What about an algorithm to get value $1/4$ of the value in this inequality? Then same: reject each item outright with probability $1/2$ , else pick $i$ if $X_i\ge\tau_i$ . Proof goes through unchanged.

Better

One can get within $(1-\frac{1}{\sqrt{k+3}})$ of the value. For $k=1$ , this matches $1/2$ . One can, however, get a fractor of $1-O(\sqrt{\frac{\log k}{k}})$ using a simple concentration bound.

Suppose we reduce the rejection probability to $\delta$ . Then the probability that we reach some item $i$ without having picked $k$ items already is lower-bounded by the probability that we pick at most $k$ elements in the entire process. Since we reject items with probability $\delta$ , the expected number of elements we pick is $(1-\delta)k$ .
Hence, the probability that we pick less than $k$ items is at least $1-e^{-\Theta(\delta^2k)}$ , by a Hoeffding bound for sums of independent random variables. Now setting $\delta=O(\sqrt{\frac{\log k}{k}})$ ensures that the probability of reaching each item is at least $(1-1/k)$ , and a argument similar to that in Proof shows that
$ALG\ge\sum_{i=1}^n\Pr[\text{reach item }i]\cdot\Pr[\text{not reject item }i]\cdot\Pr[X_i\ge\tau_i]\cdot\mathbb E[X_i|X_i\ge\tau_i]\\ =\sum_{i=1}^n(1-1/k)\cdot(1-O(\sqrt{\frac{\log k}{k}}))\cdot p_i\cdot v_i(p_i)$
which gives the claimed bound of $(1-O(\sqrt{\frac{\log k}{k}}))$ .

Secretary Problems

$n$ items, each has some intrinsic non-negative value.

Assume the values are distinct, but we know nothing about their ranges.

We only know $n$ .

The item are presented one by one. Upon seeing an item, we can either pick it or we can pass. The goal is to maximize the probability of picking the item with the highest value.

If an adversary chooses the order in which the items are presented, every deterministic strategy must fail.

❓Secretary problem: what if the items are presented in uniformly random order? For this setting, it seems surprising that one can prove the following theorem:

Theorem 2.1. There is a strategy to pick the best item with probability at least $\frac{1}{e}$ .
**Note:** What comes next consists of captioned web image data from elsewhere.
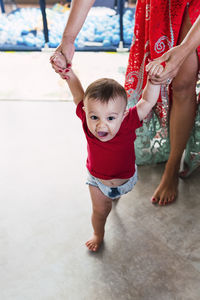 Mother holding hands of baby boy walking on floor at home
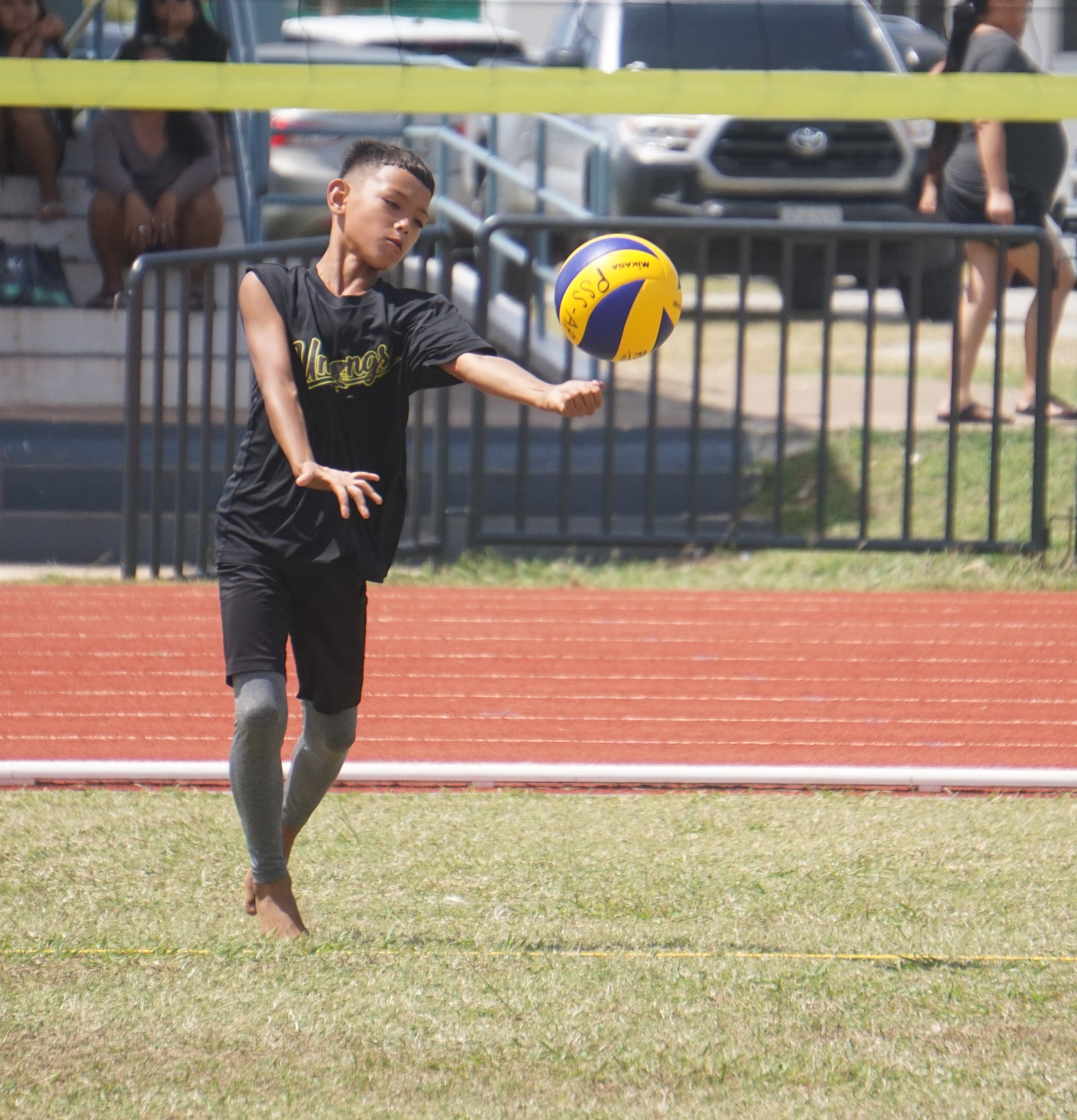 A Koblerville Elementary School student connects the underhand serve against Kagman Elementary School during the championship game in the co-ed elementary school division of the NMIVA-PSS Interscholastic Volleyball League SY23-24 at the Oleai Sports Complex on Saturday. 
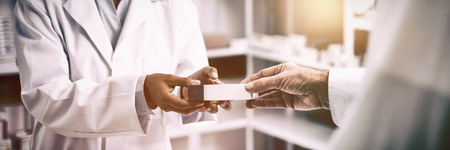 Cropped image of patient hand taking box from pharmacist at pharmacyの写真素材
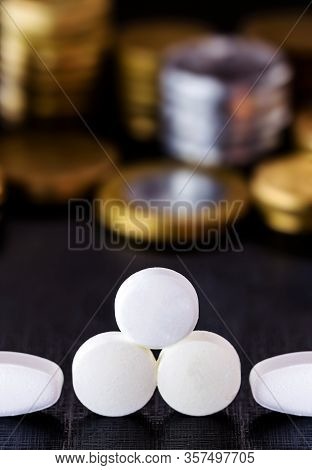 Medical Pills Or Tablets Next To Coins. Concept Of Federal Government Costs With Public Health.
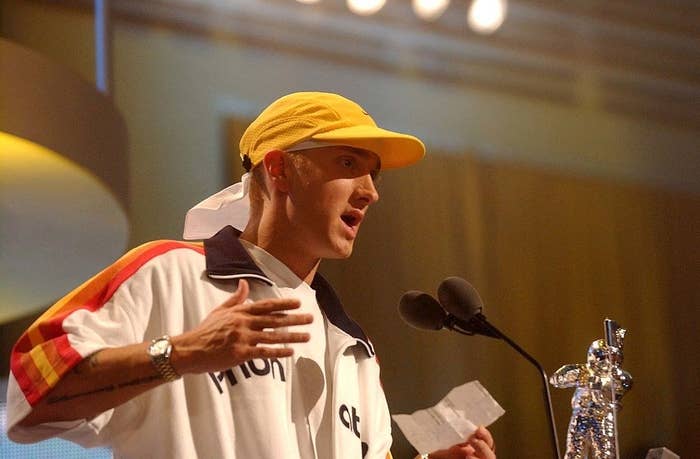 Eminem talking into the mic onstage at the 2002 MTV VMAs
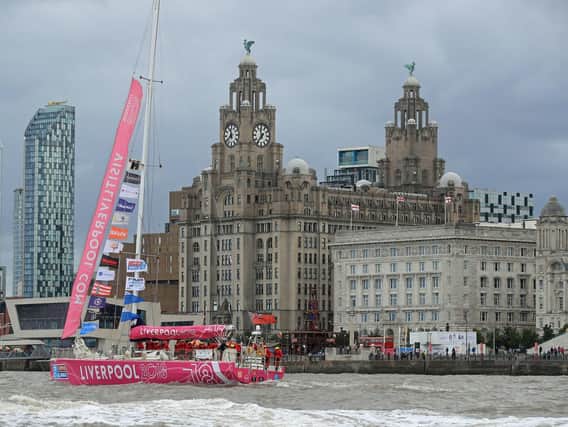The Liverpool 2018 team arrives at the finish line after a "sprint finish" to conclude the Clipper 2017-2018 Round the World Yacht Race outside the Royal Albert Dock in Liverpool. Picture: Peter Byrne/PA Wire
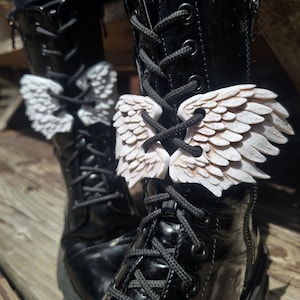 May include: Black, glossy boots with white, textured wing-shaped embellishments laced through the front. The wings are detailed with feather-like textures and are attached to the laces. The boots have black laces and a platform sole.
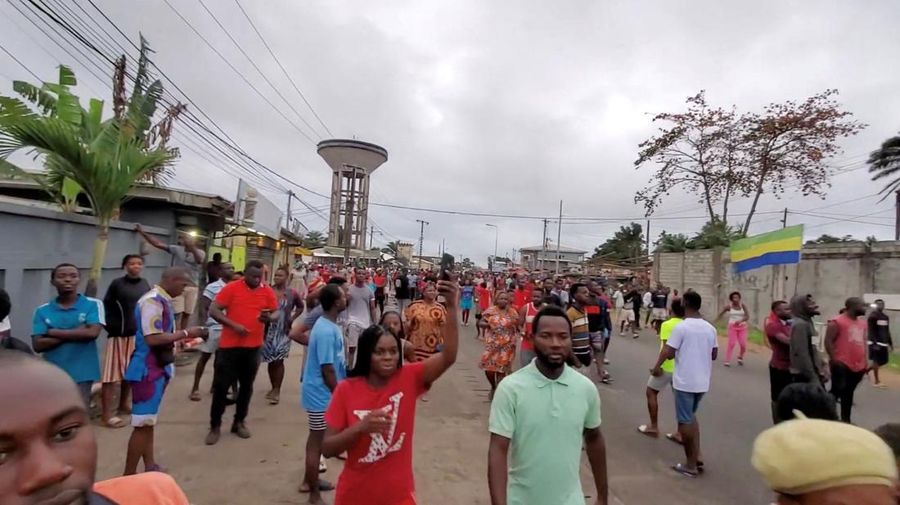 People gather as they celebrate after military officers announced they had taken power, after the state election body announced President Ali Bongo had won a third term, in Port Gentil, Gabon August 30, 2023 in this still image obtained from social media video. Gaetan M-Antchouwet/via REUTERS  THIS IMAGE HAS BEEN SUPPLIED BY A THIRD PARTY. MANDATORY CREDIT. NO RESALES. NO ARCHIVES.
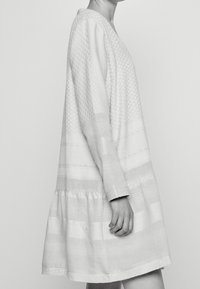 Biała sukienka z długimi rękawami, teksturowanymi wzorami i rozkloszowanym, falbaniastym dołem. Wykonana z lekkiego materiału w różnych wzorach pasków.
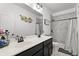 Modern bathroom featuring a double vanity, decorative mirror, and a shower with decorative tile at 136 Southbury Dr., Myrtle Beach, SC 29588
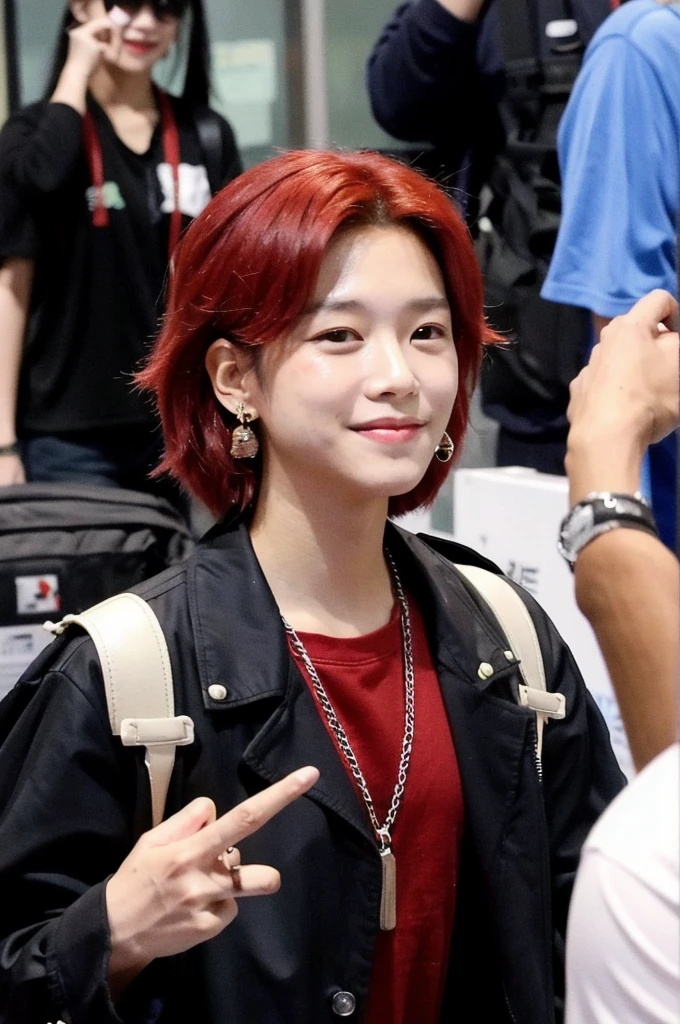 A Korean-Thai boy stands at the airport, smiles at the camera. He has red dyed hair and wears a hip-hop outfit. He also has an earring. Paparazzi take pictures of him. He checks Peace and has shoulder-length hair, which are wildly styled . 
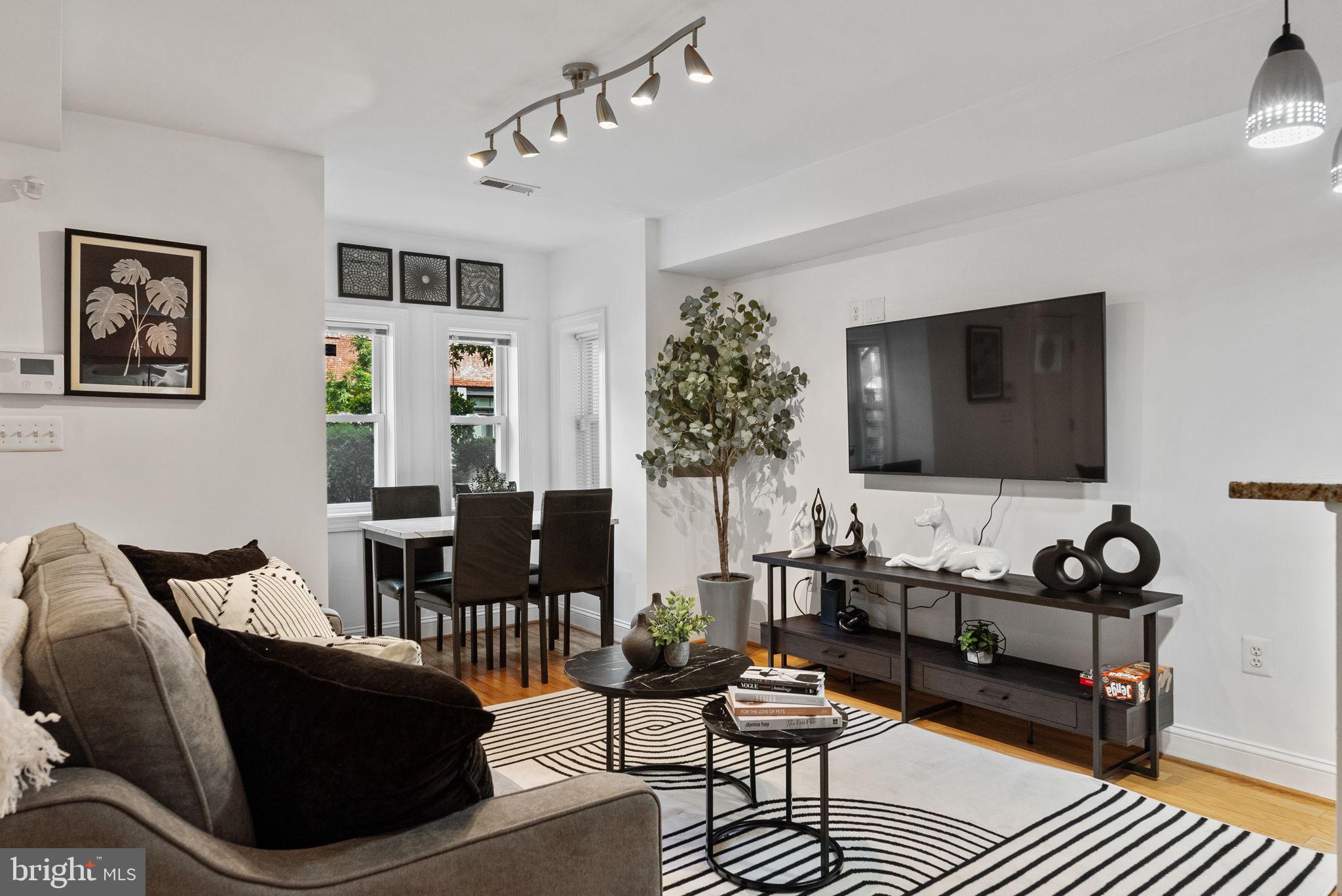 18 N Street Northwest, Unit 2 Washington, DC 20001 - Photo 3 of 24 a living room with furniture and a flat screen tv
A simple algorithm and proof showing probability of $\frac{1}{4}$ : ignore the first $n/2$ items, and then pick the next item that is better than all the ones seen so far. Note that this algorithm succeeds if the best item is in the second half of the items (happens with probability $1/2$ ). Hence $1/4$ . Rejecting the first half of the items is not optimal, and there are other cases where the algorithm succeeds that this simple analysis does not account for.
First, the algorithm should never pick an element that is not the best so far. Moreover, if we define
$f(i)=\Pr[i^{th}\text{ item is global best}|i^{th}\text{ is best so far}]\\ =\frac{\Pr[i^{th}\text{ item is global best}]}{\Pr[i^{th}\text{ is best so far}]}=\frac{1/n}{1/i}=\frac{i}{n}\\ g(i)=\Pr[\text{picking global best using optimal strategy from item i onwards}]$
then $g(i)$ is a non-increasing and $f(i)$ is increasing.
Any optimal strategy should pass at times $i$ where $f(i)\lt g(i+1)$ and pick at other times if we see an element that is best so far. i.e., a strategy of the type used in the simple proof of $1/4$ is optimal.
So if we reject the first $\tau$ items, then the probability we succeed in picking the global best is
$\sum_{t=\tau+1}^n\Pr[t^{th}\text{ item is global best}]\cdot\Pr[\text{best of first }t-1\text{ items in first }\tau\text{ positions}]\\ =\sum_{t=\tau+1}^n\frac{1}{n}\cdot\frac{\tau}{t-1}=\frac{\tau}{n}(H_{n-1}-H_{\tau-1}).$
This is $g(\tau+1)$ . So the first position where $f(\tau)=\tau/n\ge g(\tau+1)$ is given by the smallest $\tau$ s.t. $1\ge H_{n-1}-H_{\tau-1}$ , i.e., $\tau\approx n/e$ for large $n$ , hence $g(\tau+1)\approx1/e$ .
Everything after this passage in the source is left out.